To add a new graph to the test, append a new edge list to `edge_lists` as shown in the next cell.  
__Remember that these edges are directed, so do not add both directions of an edge to the edge list.__

In [None]:
edge_lists = []
edge_lists.append([(0,1), (0,2), (1,2), (2,3), (3,4), (3,5), (4,5)])   # edge list of first graph
edge_lists.append([(0,1), (0,2), (1,2), (3,4), (3,5), (4,5)])          # edge list of second graph
# add any additional tests here

For each test case you also need to add a starting node $s$, a destination node $t$, and $n$ the number of nodes in the graph, add them to the following lists. 

In [None]:
s_list = []
s_list.append(0)  # s for first graph 
s_list.append(1)  # s for second graph 
# add any additional tests here

t_list = []
t_list.append(3)  # t for first graph
t_list.append(4)  # t for second graph
# add any additional tests here

n_list = []
n_list.append(6)  # n = 6 for first graph
n_list.append(6)  # n = 6 for second graph
# add any additional tests here

The following is a simplified version of the autograder, you may want to add more print statements or other debugging statements to check your function.

_Points:_ 2

In [None]:
import matplotlib.pyplot as plt
index = 1
for s, t, n, edge_list in zip(s_list, t_list, n_list, edge_lists):
    print("Testing graph:", index)
    index += 1
    
    adj_list_graph = generate_adj_list(n, edge_list) # function defined earlier
    
    path = dfs_path(adj_list_graph, s, t) 
    
    nx_graph = nx.DiGraph(edge_list)
    
    # uncomment the following to plot each graph
    '''
    nx.draw(nx_graph, with_labels=True)
    plt.title(f"Graph with {n} vertices and start node {s} and destination {t}")
    plt.show()
    '''
    
    if not nx.has_path(nx_graph,s,t):
        assert len(path) == 0, f"your dfs_path found an s-t path when there isn't one."
    else:
        # checks that the path returned is a real path in the graph and that it starts and ends 
        # at the right vertices
        assert nx.is_simple_path(nx_graph, path), f"your dfs_path did not return a valid simple path"
        assert path[0] == s, f"your dfs_path returned a valid simple path, but it does not start at node s"
        assert path[-1] == t, f"your dfs_path returned a valid simple path, but it does not end at node t"

print("Success")

In [None]:
grader.check("q1.1")

## 1.2) Pre and Post Numbers
In order to topologically sort or find strongly connected components, we need to be able to calculate pre and post numbers for each node. 

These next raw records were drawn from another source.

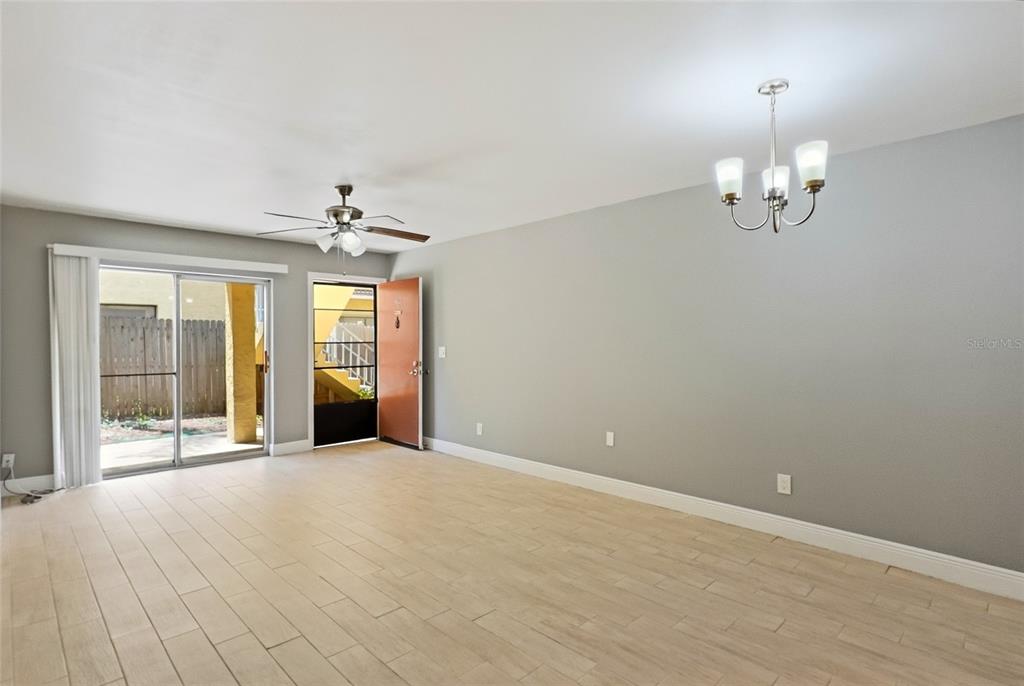 A living room with light wood-look tile flooring, a ceiling fan, and a sliding glass door — 7614 NACIDO COURT UNIT 7614, TAMPA, FL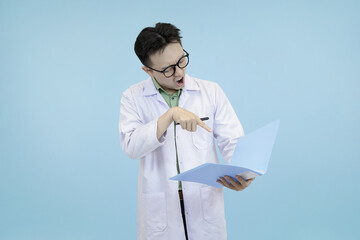 Frustrated Asian scientist or doctor in a lab coat, grimacing and pointing while holding a folder,...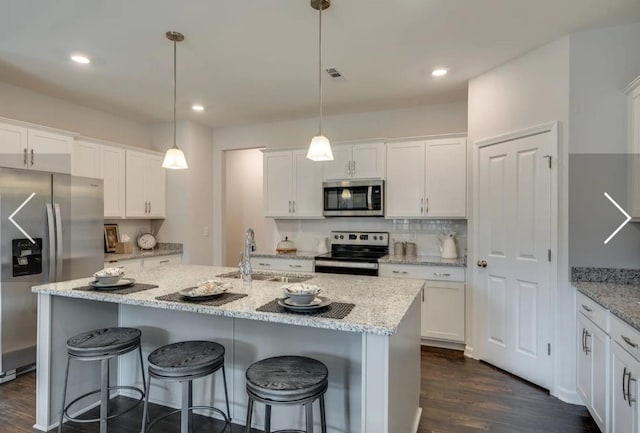 6161 Worthingtion Rd, Columbia, TN 38401 - kitchen featuring appliances with stainless steel finishes, dark wood-type flooring, white cabinetry, and recessed lighting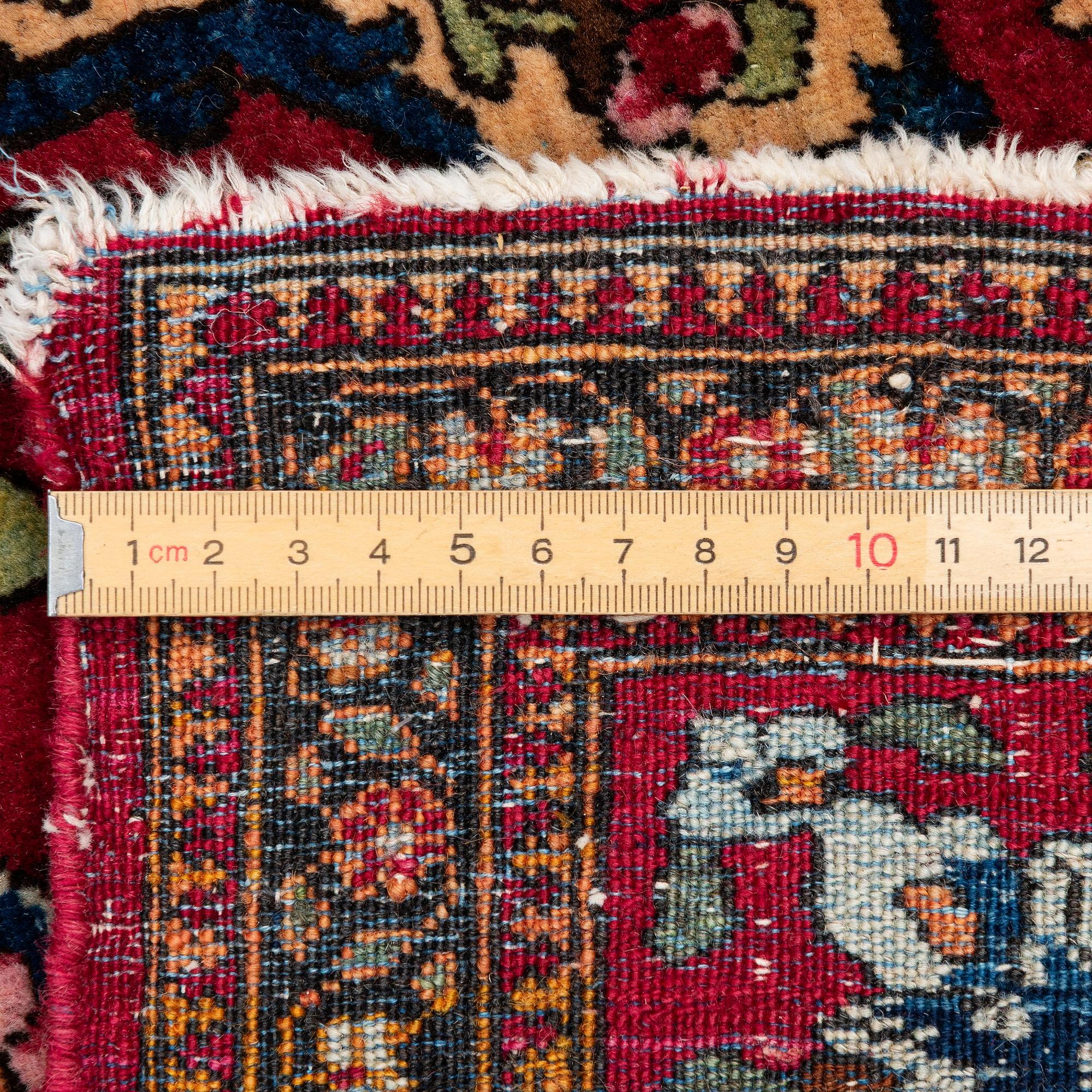 An antique Isfahan rug, Central Persia, c 234 x 146 cm.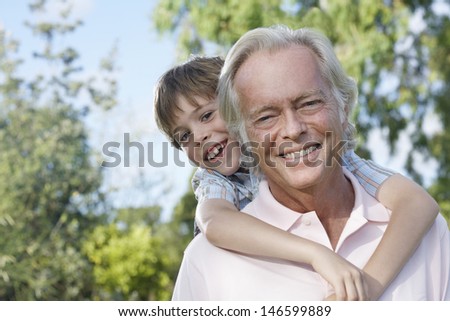 Closeup portrait of a smiling grandfather with grandson riding piggyback outdoors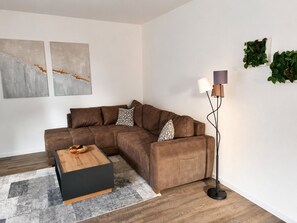 A modern living room with a sectional sofa, a wooden coffee table, a floor lamp, and abstract wall art. - "Big break" - Modern vacation apartment near Steinhude (Hagenburg)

In this part, you will rework your implementation of DFS to allow it to generate pre and post order numbers for each node. It might be a good idea to copy/paste your solution from the previous part and modify it here. 

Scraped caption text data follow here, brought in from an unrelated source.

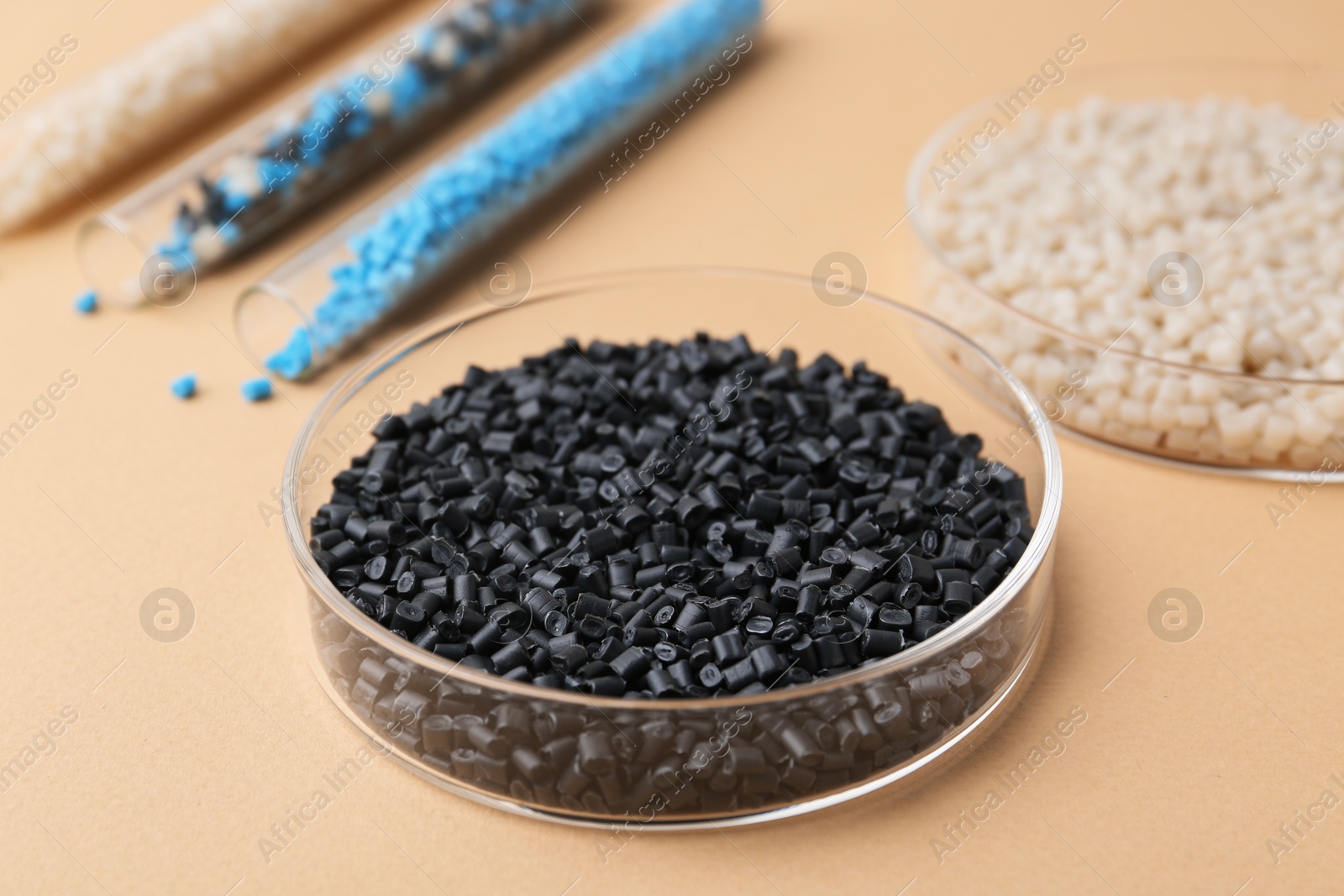 Photo of Colorful plastic granules in petri dishes and test tubes on beige background, closeup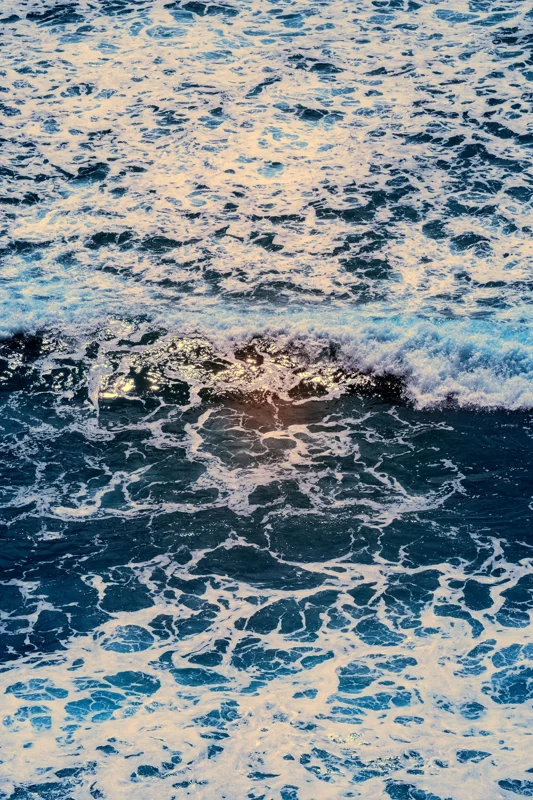 Photographie d’art infrarouge d’André Wagner: Une crête de vague claire traverse le format vertical et sépare deux réseaux d’écume de densités différentes — The Restless Sea.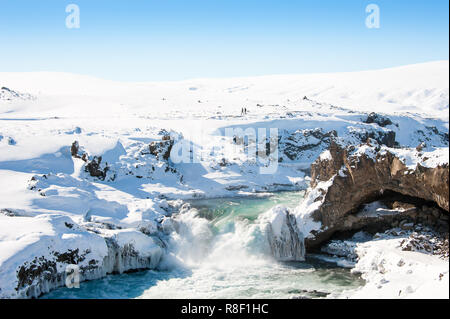 Wilde Wasser der Skjalfandafljot Fluss in den Godafoss Wasserfall fließt. Wirbelnde türkisfarbenes Wasser, Schnee gefrorene Landschaft, felsigen Vordergrund Stockfoto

> **Task:** Implement a function that computes DFS pre and post numbers for each node in the graph.

To pass the autograder, your smallest preorder number should be 1. Your largest postorder number should be  $ 2 \times \text{(number of vertices)}$. Return two lists of tuples, a `pre` list should containing tuples `(node, pre-number)`, and a `post` list containing tuples `(node, post-number)`. 

Both lists should be ordered according to the pre/post number in the tuple. **You should not use any sorting functions to accomplish this!**

> **Reflect:** Why might returning pre/post numbers in this way be helpful for finding strongly connected components?

Feel free to delete the starter code and implement your own solution.

For this part, you can no longer assume that the entire graph is guaranteed to be reachable from some certain start node. How will this change your implementation?

Finally, break ties by choosing the node with the smallest number value. The autograder may fail implementations which are otherwise correct but break ties in a different way.

_Points:_ 2

In [None]:
def get_pre_post(adj_list):
    """
    args:
        adj_list:List[List[int]] = the adjacency list that represents our input graph
    return:
        List[Tuple(int, int)], List[Tuple(int, int)] representing the pre and post order values
            respectively. Each tuple should have a vertex as its first entry, and the pre/post order
            value as its second entry.
    """
    time = 1
    pre = []
    post = []

    # YOUR CODE HERE
    ...
            
    return pre, post

In [None]:
grader.check("q1.2")

### Q2) Strongly Connected Components (Kosaraju-Sharir Algorithm)

We will now see how we can tie the concepts of DFS traversals and pre/post order values to obtain the strongly conencted components within a graph. SCC meta graphs are useful in that they allow us to construct DAGs, linearize a graph that contains cycles and obtain equivalence classes within a graph among other use cases.

S. Rao Kosaraju and Micha Sharir independently solved this problem of finding the SCCs within a graph with the Kosaraju-Sharir Algorithm (which is the algorithm presented in the DPV notes section 3.4.2). 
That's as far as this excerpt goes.